Tontería absoluta la que tengo estos días. Lágrimas sin ton ni son. Me salpico de barro y lloro. Me olvido los apuntes en casa y lloro. Alguien mata a un perro a 5000 kilómetros de aquí y lloro. Kilos de tristeza injustificada y un pobre J. preguntándose todo el tiempo “¿qué te pasa? ¿qué he dicho? ¿qué he hecho?”.
No puedo evitar pensar en mi madre y en sus ataques de melancolía. No puedo evitar pensar en que quizá yo también me esté volviendo un pirado, como ella. Ojalá estuviera vivo alguien que la conociera y que pudiera decirme “tranquilo, chaval, esto no tiene nada que ver, a ti no te va a pasar lo mismo…”
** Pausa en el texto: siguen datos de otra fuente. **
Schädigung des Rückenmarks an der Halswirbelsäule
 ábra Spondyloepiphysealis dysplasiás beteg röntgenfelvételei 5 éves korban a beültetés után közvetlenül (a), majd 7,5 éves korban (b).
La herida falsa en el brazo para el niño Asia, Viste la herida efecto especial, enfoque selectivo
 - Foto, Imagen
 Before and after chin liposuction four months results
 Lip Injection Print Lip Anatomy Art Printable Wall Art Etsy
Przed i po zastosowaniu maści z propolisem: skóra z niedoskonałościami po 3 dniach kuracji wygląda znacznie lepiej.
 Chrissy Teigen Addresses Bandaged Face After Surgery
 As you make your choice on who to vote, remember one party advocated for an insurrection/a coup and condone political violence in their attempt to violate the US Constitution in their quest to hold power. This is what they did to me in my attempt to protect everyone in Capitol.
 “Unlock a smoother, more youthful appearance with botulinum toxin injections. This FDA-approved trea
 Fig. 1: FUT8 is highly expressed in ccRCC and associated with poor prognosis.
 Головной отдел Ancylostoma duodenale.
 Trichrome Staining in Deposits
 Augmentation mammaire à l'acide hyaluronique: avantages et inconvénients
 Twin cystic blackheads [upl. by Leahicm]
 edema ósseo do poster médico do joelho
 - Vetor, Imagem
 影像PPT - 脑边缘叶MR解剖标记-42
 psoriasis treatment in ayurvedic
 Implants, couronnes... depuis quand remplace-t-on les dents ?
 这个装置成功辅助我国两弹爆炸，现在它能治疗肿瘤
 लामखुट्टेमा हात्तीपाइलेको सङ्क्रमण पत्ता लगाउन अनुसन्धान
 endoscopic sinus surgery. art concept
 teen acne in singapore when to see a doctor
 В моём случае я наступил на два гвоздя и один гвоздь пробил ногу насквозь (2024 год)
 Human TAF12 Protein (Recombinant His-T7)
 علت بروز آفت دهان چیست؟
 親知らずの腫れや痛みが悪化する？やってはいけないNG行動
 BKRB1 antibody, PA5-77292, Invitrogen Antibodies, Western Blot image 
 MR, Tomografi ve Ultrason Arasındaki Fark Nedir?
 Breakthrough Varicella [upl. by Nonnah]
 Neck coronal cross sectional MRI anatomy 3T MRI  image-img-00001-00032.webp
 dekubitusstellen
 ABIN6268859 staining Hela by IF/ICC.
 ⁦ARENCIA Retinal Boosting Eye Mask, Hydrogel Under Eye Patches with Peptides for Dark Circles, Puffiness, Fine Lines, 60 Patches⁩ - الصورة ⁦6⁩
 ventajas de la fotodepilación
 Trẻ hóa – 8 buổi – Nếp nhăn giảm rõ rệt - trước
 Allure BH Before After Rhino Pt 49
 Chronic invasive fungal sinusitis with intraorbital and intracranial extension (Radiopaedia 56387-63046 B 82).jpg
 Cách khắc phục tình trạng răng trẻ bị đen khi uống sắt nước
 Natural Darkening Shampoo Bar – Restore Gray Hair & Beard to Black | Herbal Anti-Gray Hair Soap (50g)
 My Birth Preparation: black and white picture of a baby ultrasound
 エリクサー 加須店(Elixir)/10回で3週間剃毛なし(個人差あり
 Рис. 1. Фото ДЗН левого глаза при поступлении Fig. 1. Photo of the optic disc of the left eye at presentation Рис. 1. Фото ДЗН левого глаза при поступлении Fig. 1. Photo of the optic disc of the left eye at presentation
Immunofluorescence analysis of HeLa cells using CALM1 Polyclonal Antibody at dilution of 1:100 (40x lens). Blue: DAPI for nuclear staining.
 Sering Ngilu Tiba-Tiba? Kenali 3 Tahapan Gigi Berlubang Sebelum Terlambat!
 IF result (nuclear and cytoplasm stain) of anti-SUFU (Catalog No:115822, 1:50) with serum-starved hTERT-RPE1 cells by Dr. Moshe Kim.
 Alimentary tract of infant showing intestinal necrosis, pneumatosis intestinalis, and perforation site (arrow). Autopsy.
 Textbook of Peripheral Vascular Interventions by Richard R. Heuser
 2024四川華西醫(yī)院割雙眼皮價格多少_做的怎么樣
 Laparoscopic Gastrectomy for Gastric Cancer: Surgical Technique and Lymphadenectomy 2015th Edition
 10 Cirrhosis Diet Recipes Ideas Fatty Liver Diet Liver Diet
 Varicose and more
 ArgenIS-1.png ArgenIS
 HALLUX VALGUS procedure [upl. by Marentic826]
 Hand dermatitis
Lo único que me consuela es pensar que ella no era consciente de su locura, ni se daba cuenta de que su tristeza no tenía motivo. Yo soy consciente de ello y todavía me controlo. Por ahora, en el autocontrol está la diferencia entre la locura y la sensatez. Pero estoy asustado, claro. Lo único que no estoy preparado para perder es la cabeza. Sin lo demás podría vivir. Sin poder pensar, no.

Creo que mi padre debe estar riéndose con ganas a mi costa, desde su tumba. Le encantaban estos terrores míos sobre la locura de mi madre. Me cogía la cara con las dos manos y decía: “la misma nariz… la misma boca… la misma sonrisa… los mismos ojos de puto pirado… ¡no te escapas, chaval!”

Antes me he sorprendido a mí mismo poniéndome dos dedos de bourbon para sacudirme la melancolía. Me he autoinsultado un rato, y luego lo he tirado por el desagüe. Está claro que si no me persiguen los genes de mi madre, desde luego, están dispuestos a hacerlo los de mi padre.